Best Practices on Structural Programming

Modular Programming: Modular programming involves dividing code into smaller, independent modules. Modules can be reused multiple times and are easy to test. Modular programming increases the readability and understandability of the code. Each module should have a clearly defined function and interface. Modules should be independent of each other, which facilitates their modification and development.

Impact of AVR Architecture Variations on Modular Programming

Although AVR microcontrollers share a common 8‑bit RISC architecture, different models often vary in several important aspects. These differences influence how software should be structured, especially when aiming for portability and long‑term maintainability.

1. Differences in Register Addresses

AVR devices frequently place hardware registers at different memory addresses. Even peripherals with identical functionality—such as timers, UART, SPI, or ADC—may be mapped to different I/O locations depending on the specific AVR model. Examples:

• ATmega328P and ATmega32 have similar peripherals but located at different I/O addresses.
• Larger devices such as ATmega128 or ATmega2560 introduce extended I/O space, shifting many registers to higher addresses.

Programming Implications

Hard‑coding register addresses or device‑specific constants inside logic modules makes the code non‑portable.To avoid this:

• Always use symbolic register names from `<avr/io.h>`.
• Keep hardware‑dependent definitions in separate configuration files.
• Avoid embedding numeric addresses directly in application logic. This ensures that the same module can be compiled for different AVR models without modification.

2. Differences in Peripheral Availability

Not all AVR microcontrollers include the same set of peripherals:

• Some have one USART, others have four.
• Some include 16‑bit timers, others only 8‑bit.
• Some have ADC, SPI, TWI, or analog comparators, while tinyAVR devices may lack several of these.

Programming Implications

Modules that depend on specific peripherals must be written with flexibility in mind. Recommended practices include:

• Using conditional compilation (`#ifdef`, `#if defined(…)`).
• Creating abstraction layers that hide hardware differences.
• Designing modules so they can operate even when certain peripherals are unavailable. This approach allows the same codebase to support multiple AVR families.

3. Differences in Interrupt Vector Layout

AVR devices differ in:

• number of interrupt sources,
• order of interrupt vectors,
• naming of interrupt handlers.

Programming Implications

Interrupt‑driven modules must rely on symbolic ISR names rather than fixed vector numbers. Example:Vis mindreKodeblokk er utvidet ISR(TIMER1_COMPA_vect)

This ensures that the correct interrupt is used regardless of the device’s vector table layout.

4. Differences in Memory Size and Addressing

Larger AVR devices (e.g., ATmega128, ATmega2560) require extended addressing mechanisms:

• RAMPX, RAMPY, RAMPZ, RAMPD for data memory beyond 64 KB
• EIND for program memory beyond 128 KB
• ELPM instead of LPM for reading from extended Flash

Programming Implications

Modules accessing program memory or large data structures must:

• use the correct load instructions (*LPM* vs *ELPM*),
• handle extended addressing registers,
• avoid assumptions about pointer size or memory layout.

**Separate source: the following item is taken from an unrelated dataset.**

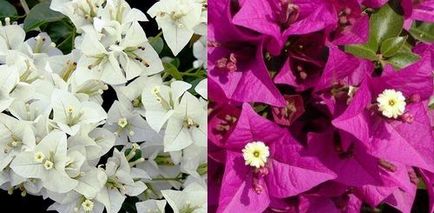 Bougainville fotografie acasă și de îngrijire, flori-blog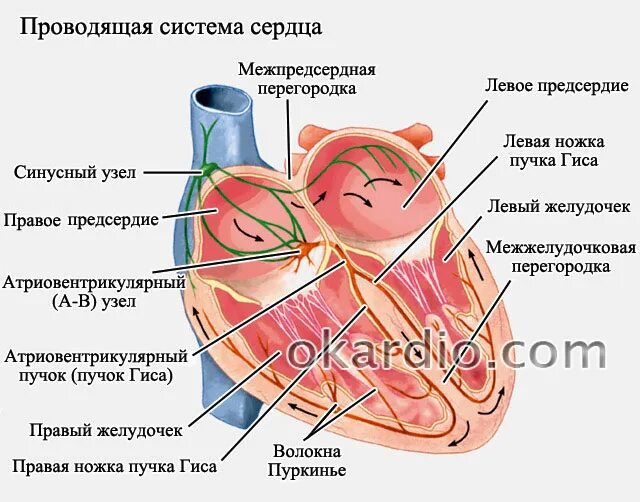 Предсердие болезни. Проводящая система сердца. Узлы сердца. Узлы сердца физиология. Схема проведения импульса в сердце.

This highlights the importance of isolating memory‑related operations into dedicated modules.

A well‑structured modular design allows hardware‑dependent code to be isolated from application logic. This is typically achieved through the following layering:

1. Hardware Abstraction Layer (HAL) *

HAL provides a unified interface to peripherals, regardless of the underlying AVR model.

Example functions:

• `uart_init()`
• `uart_send()`
• `uart_receive()`

Internally, HAL uses different registers depending on the device, but the application code remains unchanged.

2. Device‑Specific Configuration Modules

These modules contain:

• clock settings,
• timer configurations,
• peripheral initialization.

By placing these in separate files, it becomes easy to adapt the project to a new AVR model.

3. Reusable High‑Level Modules

These modules remain independent of hardware details and include:

• communication protocols,
• algorithms,
• state machines.

Such modules can be reused across many different AVRs.

Summary

Differences between AVR models—register locations, peripheral availability, interrupt structures, memory addressing—directly affect software design. Modular programming provides a robust framework for handling these variations by separating hardware‑specific code from application logic.

This ensures:

• portability,
• easier maintenance,
• reusability across different AVR families.